VerfasserIn Andreas Gobiet, Martin Suklitsch, Georg Heinrich
Konferenz EGU General Assembly 2013
Medientyp Artikel
Sprache Englisch
Digitales Dokument PDF
Erschienen In: GRA - Volume 15 (2013)
Datensatznummer 250080077
 
Zusammenfassung
The discussion on how to improve climate projections of a multi-model ensemble by exploiting information on model errors has a long tradition. Most studies follow the strategy to weight simulations according to their error characteristics or in a Bayesian framework. However, the potential to find optimal weights is currently very limited and none of the weighting approaches gained widespread acceptance so far.

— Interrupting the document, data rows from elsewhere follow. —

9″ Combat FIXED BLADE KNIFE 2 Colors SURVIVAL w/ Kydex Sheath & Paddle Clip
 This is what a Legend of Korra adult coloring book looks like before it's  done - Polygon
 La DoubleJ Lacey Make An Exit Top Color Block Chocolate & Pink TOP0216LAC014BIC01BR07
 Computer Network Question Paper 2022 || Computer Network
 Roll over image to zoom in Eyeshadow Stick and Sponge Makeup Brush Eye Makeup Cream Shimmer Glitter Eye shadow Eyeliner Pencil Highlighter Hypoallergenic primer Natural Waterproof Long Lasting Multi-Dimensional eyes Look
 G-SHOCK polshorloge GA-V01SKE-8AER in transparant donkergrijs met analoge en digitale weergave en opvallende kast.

In this study, an alternative strategy is pursued: The systematic effect of a particular type of model error („intensity-dependent error“) on the expected climate change signal of a multi-model ensemble and its spread is utilised. A theory of the influence of intensity-dependent model errors on the climate change signal is developed and it is investigated, whether expected climate change is biased and uncertainty is inflated due to such errors. In addition, empirical correction methods are analysed in order to mitigate potential biases in expected climate change and to constrain uncertainty. The theory is applied to the ENSEMBLES regional multi-model ensemble. The results indicate that expected temperature change at the end of the 21st century from the ENSEMBLES ensemble is regionally biased with an over-estimation of up to +0.5 K in Eastern Europe and France in summer and an underestimation of about -0.4 K in Scandinavia. In addition, it is shown that intensity-dependent errors tend to increase the spread of a multi-model ensemble, which indicates the potential to reduce uncertainty in climate projections by a suitable correction.